One of the greatest skills you can develop as a trader is the ability to create your own strategies.
Even if it's based on others' ideas.
If you can develop a strategy, you learn how to find your own answers, and you'll never be dependent on anyone for trading info.
Thread👇
When I started out #daytrading in 2005, I knew nothing about trading. I was fresh out of university.
I applied to a proprietary day trading firm (they give me money and take part of my profits)...and they ONLY wanted people who knew nothing/little about trading.
Why?...
No preconceived ideas.
The firm basically told me: "Look at this chart and figure out how to make money."
It was the most powerful trading instruction I ever received.
The subtext was: "Become self-reliant because we can't trade for you".
Beautiful, and True. I said "Ok"...
They then said..."Since you're starting out, you can only lose $10 a day."
If I was profitable most days, I got more capital, could take bigger positions, could make more $, and thus could lose more.
But only if I was profitable. If I started losing, how much I could lose...
in a day dropped.
Basically: super tight risk leash, and find a way to make $.
That was it. It may sound impossible, but just working with a chart (for weeks or months) and trying to figure out how to make money is the greatest skill you can develop....
It means you NEVER need to be dependent on anyone for trading information ever again. You know how to look at a chart and develop a strategy. If you can control your risk, you have a viable way to make money.
If conditions change, you have the skill to adapt...

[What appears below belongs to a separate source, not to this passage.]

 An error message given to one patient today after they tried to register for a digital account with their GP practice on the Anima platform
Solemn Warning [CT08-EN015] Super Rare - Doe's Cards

If the strategy stops working, you create another one.
An added benefit of developing your own strategy is there are fewer psychological issues.
I am trading with only my own voice in my head.

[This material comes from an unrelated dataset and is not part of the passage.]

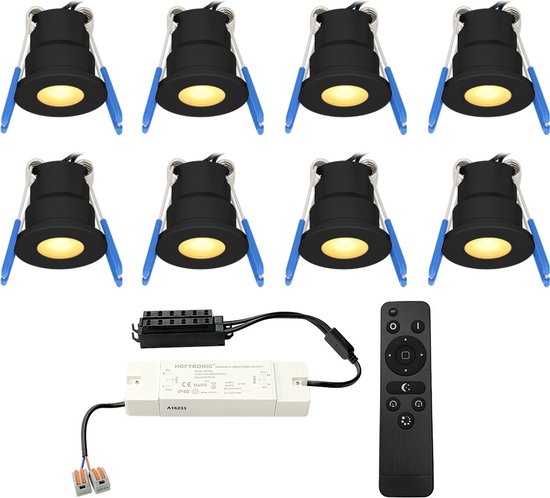 HOFTRONIC Milano - 8x Zwarte LED Inbouwspots - Traploos dimbaar met RF-afstandsbediening - Zwart - IP65 Waterdicht - 2700K Extra warm wit - 3W CREE LEDs 12V - Verandaverlichting - Plafondspotjes badkamer - Voor Veranda, Carport en Badkamer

If you just keep consuming new material, instead of creating, you end up with...
lots of voices in your head.
You have their voices plus your own voice, all saying what to do. You feel conflicted about which trades to take, when to get out, whether a trade is valid or not.

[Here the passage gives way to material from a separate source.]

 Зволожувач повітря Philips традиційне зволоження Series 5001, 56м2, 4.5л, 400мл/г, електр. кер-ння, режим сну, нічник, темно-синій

When it's just your own voice it is pretty much...
‘yes’ or ‘no’, ‘get in’, ‘get out’. A lot less chatter.
I still trade that way, 18 years later. I come up with an idea for a strategy and I MAKE IT profitable.
I look at winning and losing trades based on the idea and see if I can find conditions where losers tend to occur...
too often. I write it down and avoid those situations.
I look at reward/risk and win rate for whatever pattern or strategy I'm trying to trade. I look at ways to maybe squeeze a little more profit out of trades. ..
It may be incremental. A 2.1:1 reward risk may be feasible instead of 2:1.
I like to be out of day trades pretty quickly. I don’t like holding through pullbacks if I can help it. Pullbacks can easily turn into reversals and that scares ME...
Someone else may want to hold for bigger profits, and that means holding through pullbacks.
Someone may be ok with a big reward/risk but losing more often, whereas others want a high win rate and are ok with a low reward/risk...
I decide how I want to trade the strategy idea and then I find a way to make it profitable.
I align it with my goals and personality. That way I'm more likely to follow it and trust it...
I write down the results on a piece of paper. I look at how prior trades worked out, based on the rules I have currently developed. If it is profitable, great. How can I make it more profitable?
If the result wasn’t profitable…how do I make it better?...
Find an earlier entry (if getting in too late) or a later entry (if getting stopped before the big move), see if the SL can be decreased, or needs to be increased, see if the target is too far or too close based taken trades.
Make changes to make it profitable...
Understand that how I or someone else trades is based on their personality, their preferences, which may be different than yours.
“Cory is a chicken💩and doesn’t like holding through pullbacks…but I (you) prefer trading less and taking only one or two big trades a day”...
Look at your charts and trades and look for conditions where the strategy is present AND the price tends to run a long way after.
What conditions are present on those trades (often false breakouts in my experience)? Those are the trades to focus on…
not all the tiny trades Cory is taking.
If you like my tiny trades, trade them. If you don't, you can use the same strategy idea and just have bigger targets.
Filter out the tiny trades accordingly.
Trade for YOU. Create or modify the strategy for YOU. Make it profitable...
I don’t search for great strategies, I make them.
Pretty much every successful trader you read about did the same thing. They saw something, had an idea, and then they worked at it to make it profitable.
The idea may have been their own, or someone else's. Doesn't matter...
Taking my day trading courses, you're getting the end result of decades of work.
But you miss out on the skill of developing your own method. So, create that skill!
Use the information above to make a strategy YOUR OWN, personalized for your preferences...
You can build a strategy from scratch, or use someone else’s idea and go through the process above...
Tweak the idea to align with how you want to trade.
That's how YOU control your trading destiny, so you're not reliant on someone else....
If you trade all day, likely 80% of the profits will come from 20% of that time spent.
Trade for 1 hour instead of 5 or 6.
Make 80% of what you were making but save 80% of your time.
I found this when I started #daytrading in 2005. I traded all day, but nearly all my profit came in the 1st hour. I tended to lose a bit around lunch and then made a bit into the close.
Much more efficient to only trade when the most $$ is coming in. Keep it to 2hrs or less.